*** Data section Section Begins ***

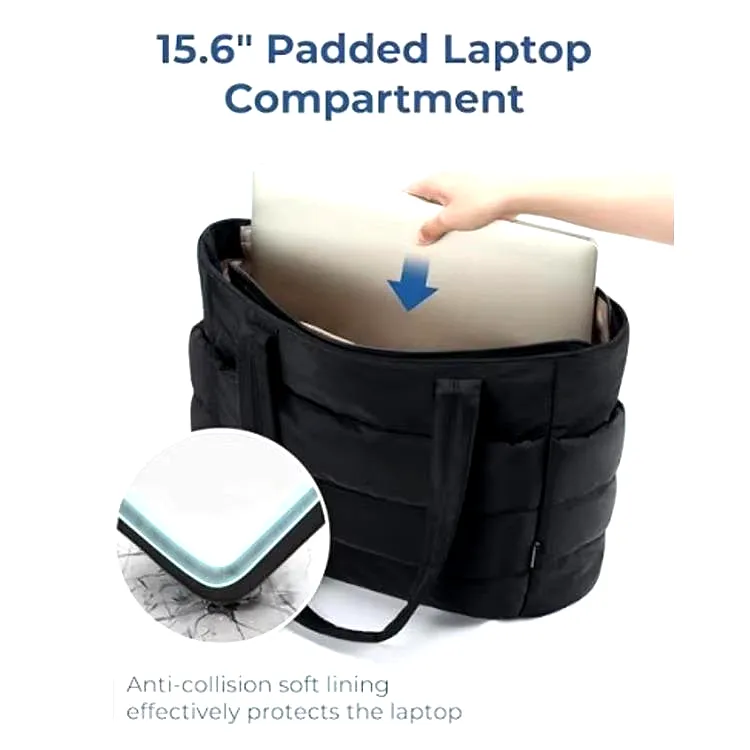 Women's Quilted Nylon Tote Bag Lightweight Waterproof Handbag for B2B - View 3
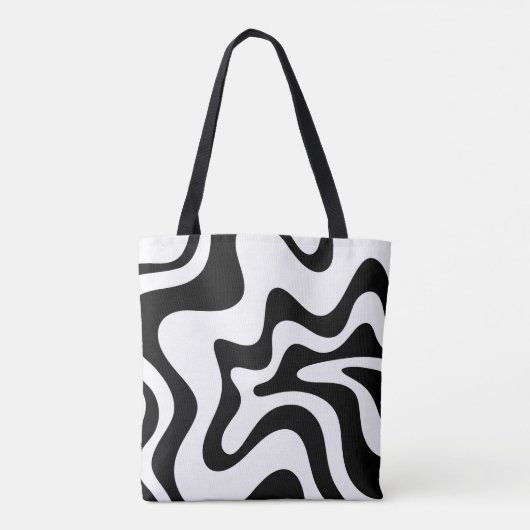 Retro Liquid Swirl Trippy Black en White Abstract Tote Bag (Achterkant)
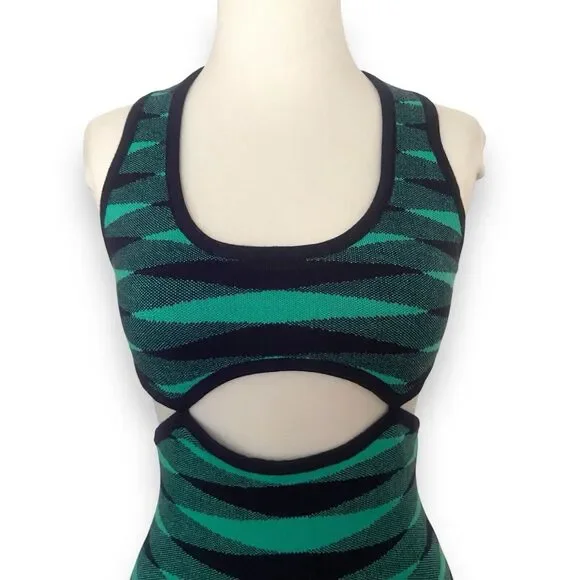 VRG GRL Dress Women's Size US 4 Bodycon Midi Open Back Stretchy Teal Green Blue - Picture 4 of 11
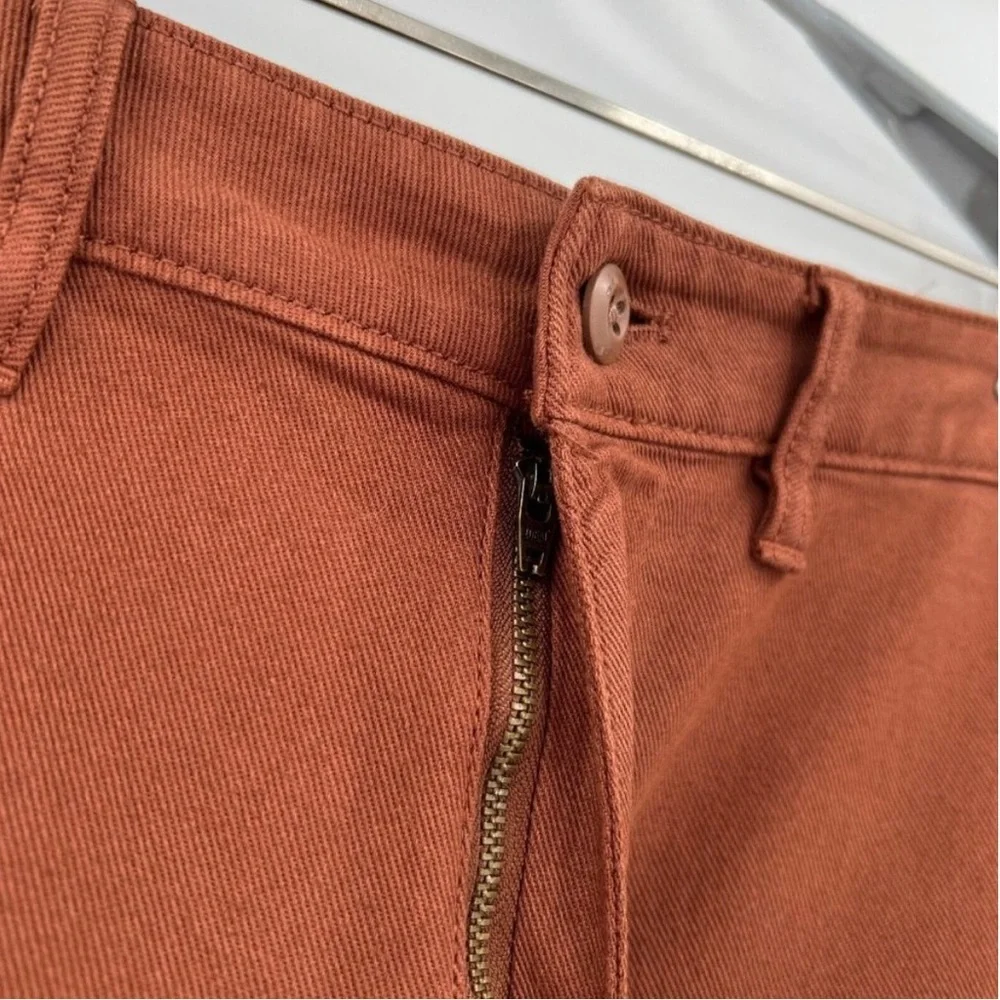 Quince Women's Rust Stretch Cotton Twill Wide-Leg Crop Pants sz 29 Rust Brown - Picture 3 of 3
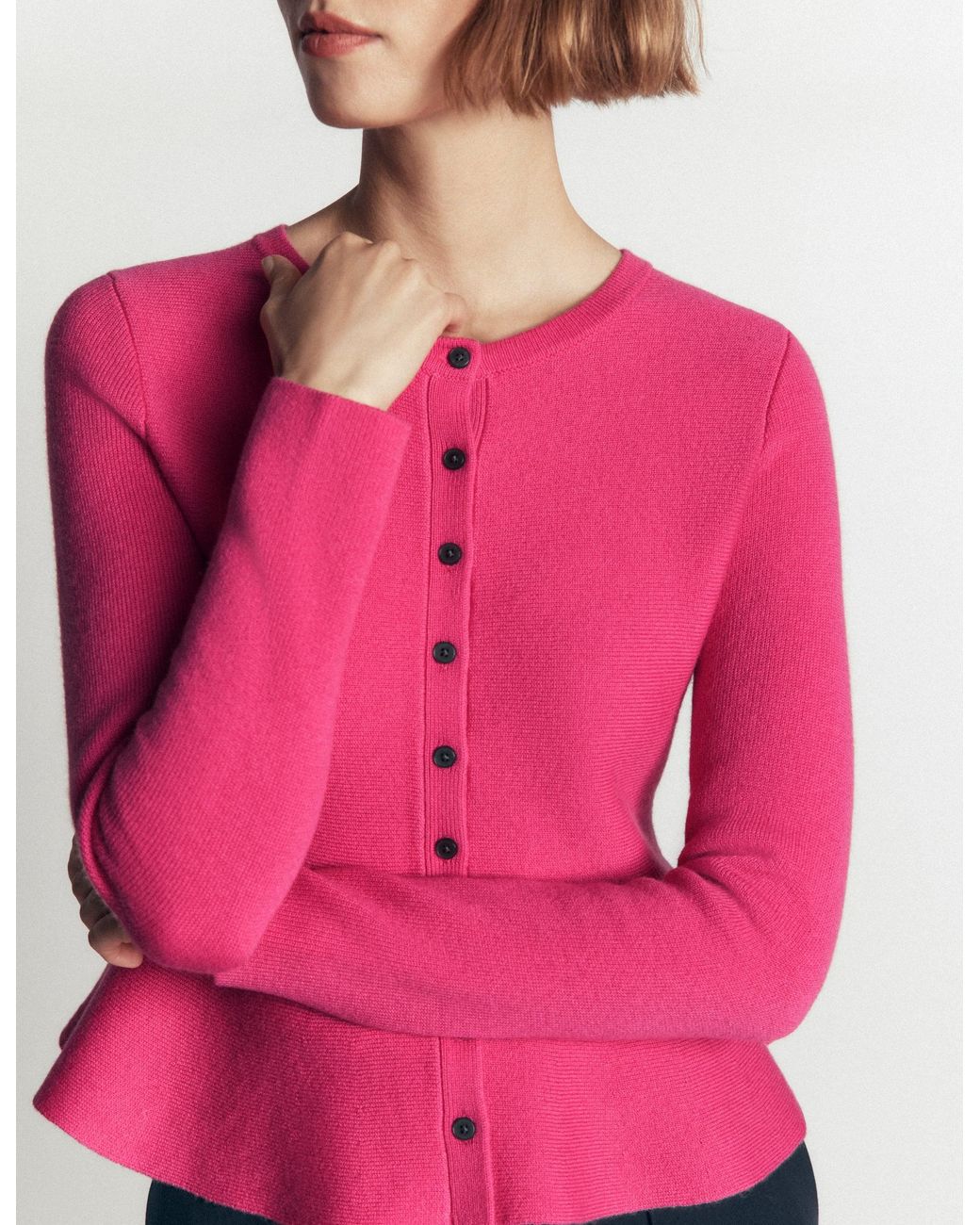 Boden Pink Fitted Wool Peplum Cardigan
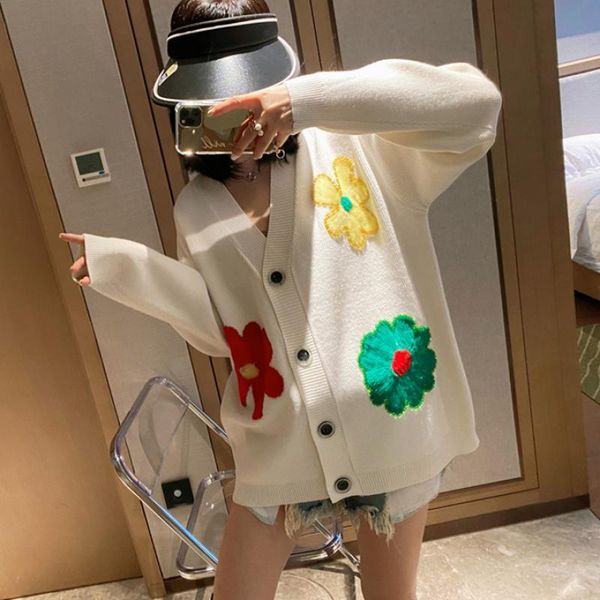 women's knits & tees fashion oversize colorful flower bead embroidery sweater korean loose white knit single-breasted cardigan jacket 2
women's knits & tees fashion oversize colorful flower bead embroidery sweater korean loose white knit single-breasted cardigan jacket 2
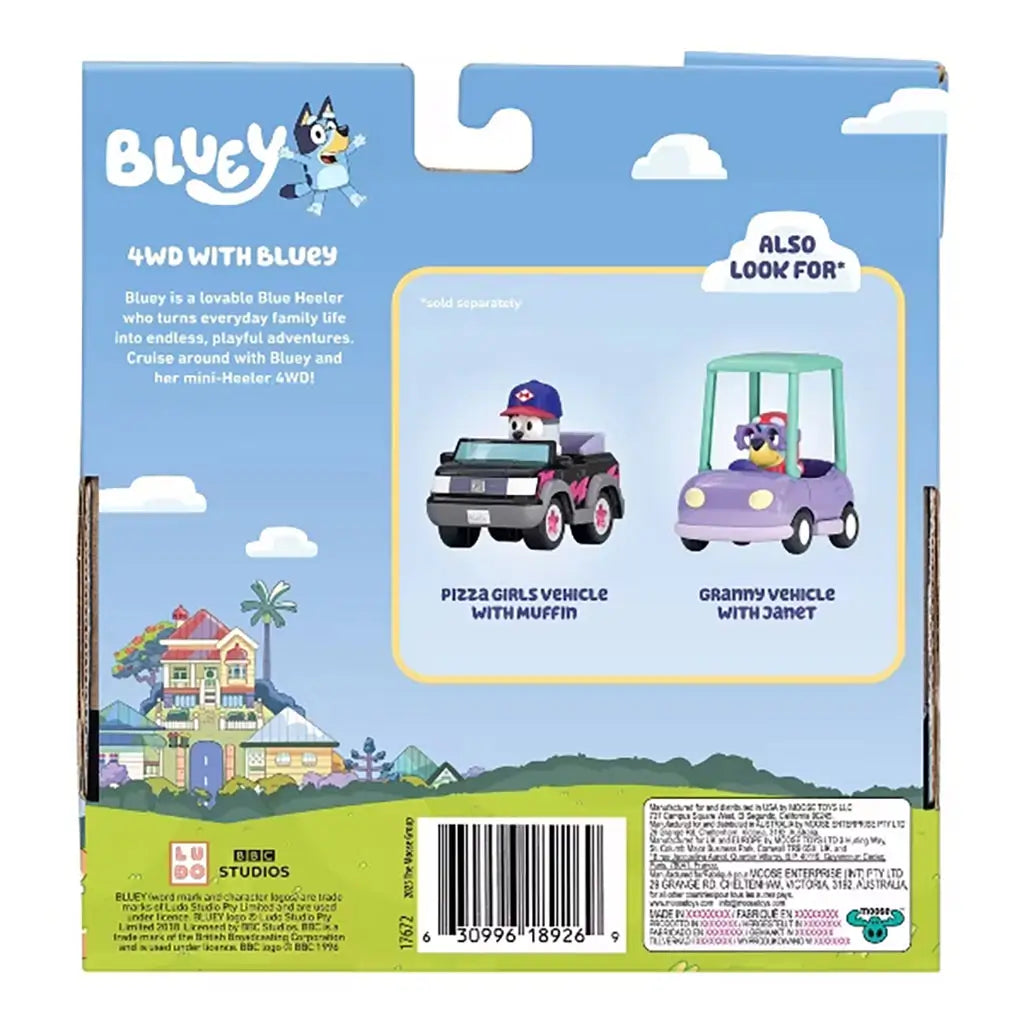 Back of Bluey Mini 4WD with Bluey packaging showing product details, illustrations of compatible vehicles, and Bluey branding.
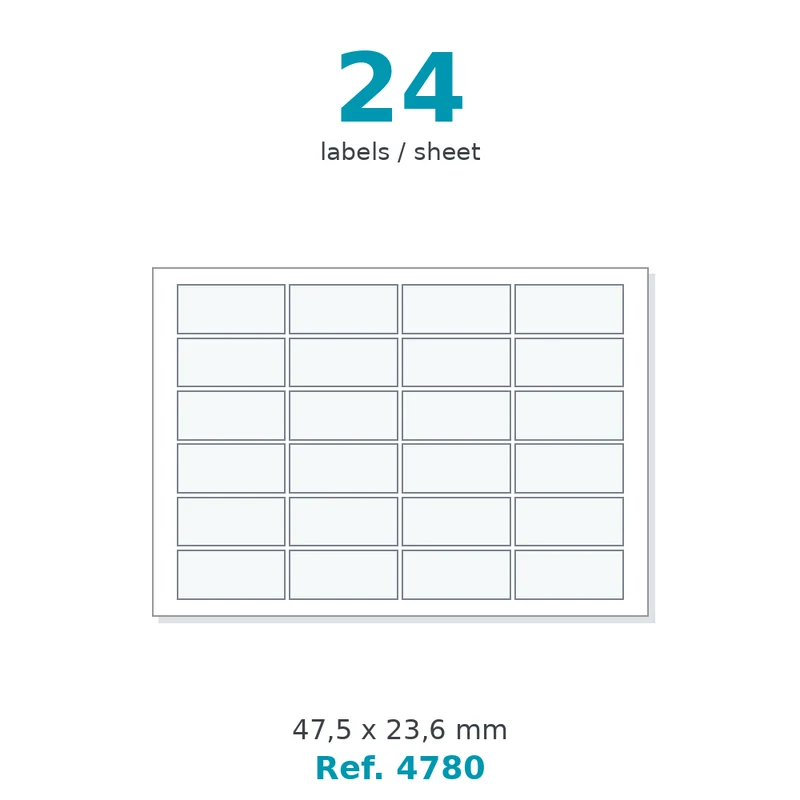 Planche A5 étiquettes santé velin blanc 210 x 148 mm - 24 étiq. par planche - boîte de 1 000 planches - Réf. 4780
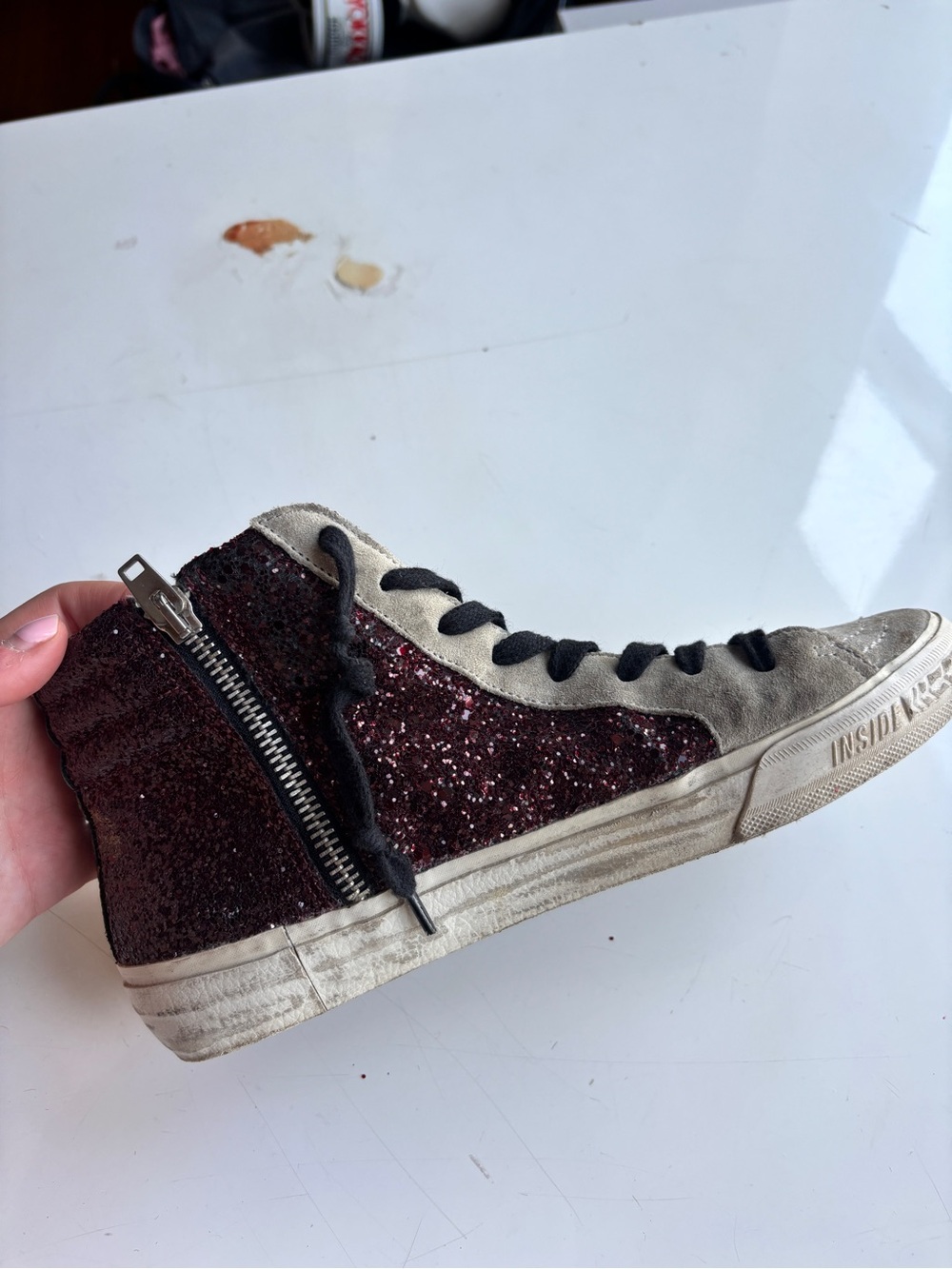 Golden Goose GGDB-SLIDE High-Top Sneaker in Burgundy Glitter and White - Picture 3 of 5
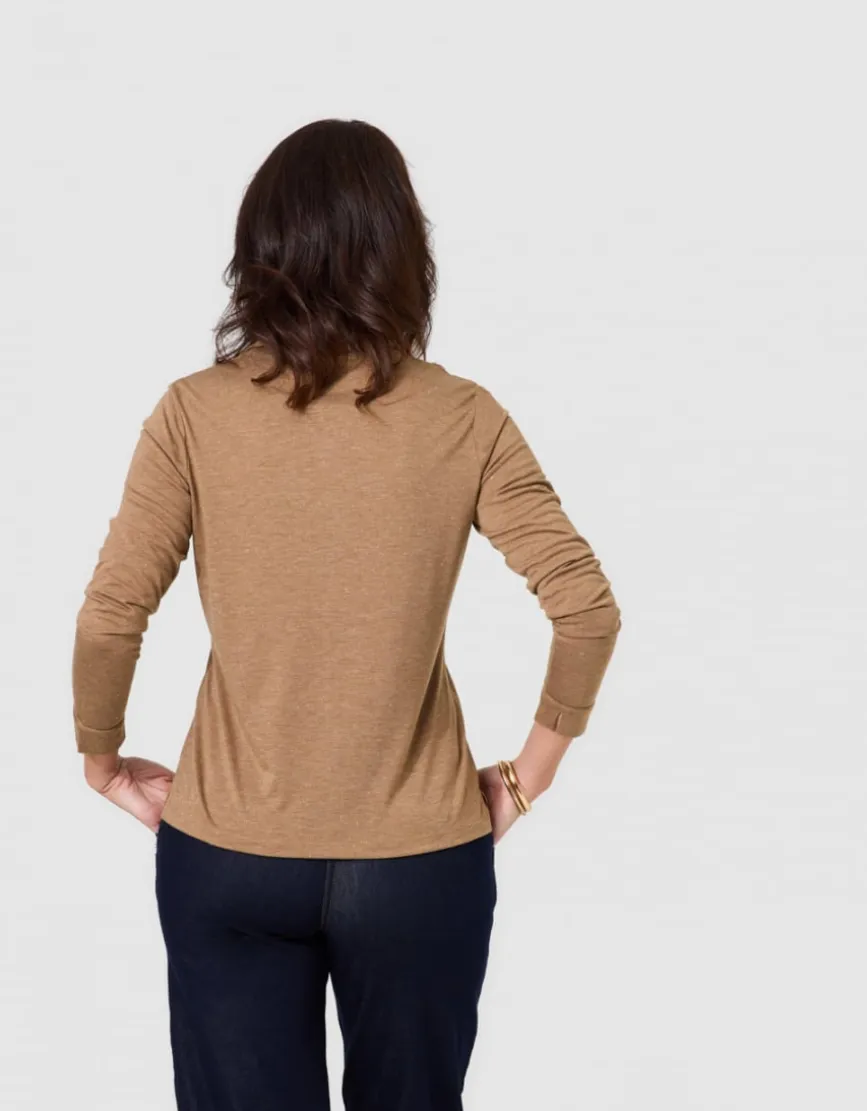 T-shirt boutons beige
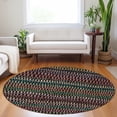 thumbnail image 1 of Addison Rugs Chantille Indoor/Outdoor Transitional Stripes Black Washable Round Rug, 8' x 8', 1 of 6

*** Data section Section Ends ***

[Exercise brief] Nothing but the lines from the one containing "Planche A5 étiquettes" through the last line of the records above should appear, each repeated exactly, with no pictures.

[Completed task]
 Planche A5 étiquettes santé velin blanc 210 x 148 mm - 24 étiq. par planche - boîte de 1 000 planches - Réf. 4780
 Golden Goose GGDB-SLIDE High-Top Sneaker in Burgundy Glitter and White - Picture 3 of 5
 T-shirt boutons beige
 thumbnail image 1 of Addison Rugs Chantille Indoor/Outdoor Transitional Stripes Black Washable Round Rug, 8' x 8', 1 of 6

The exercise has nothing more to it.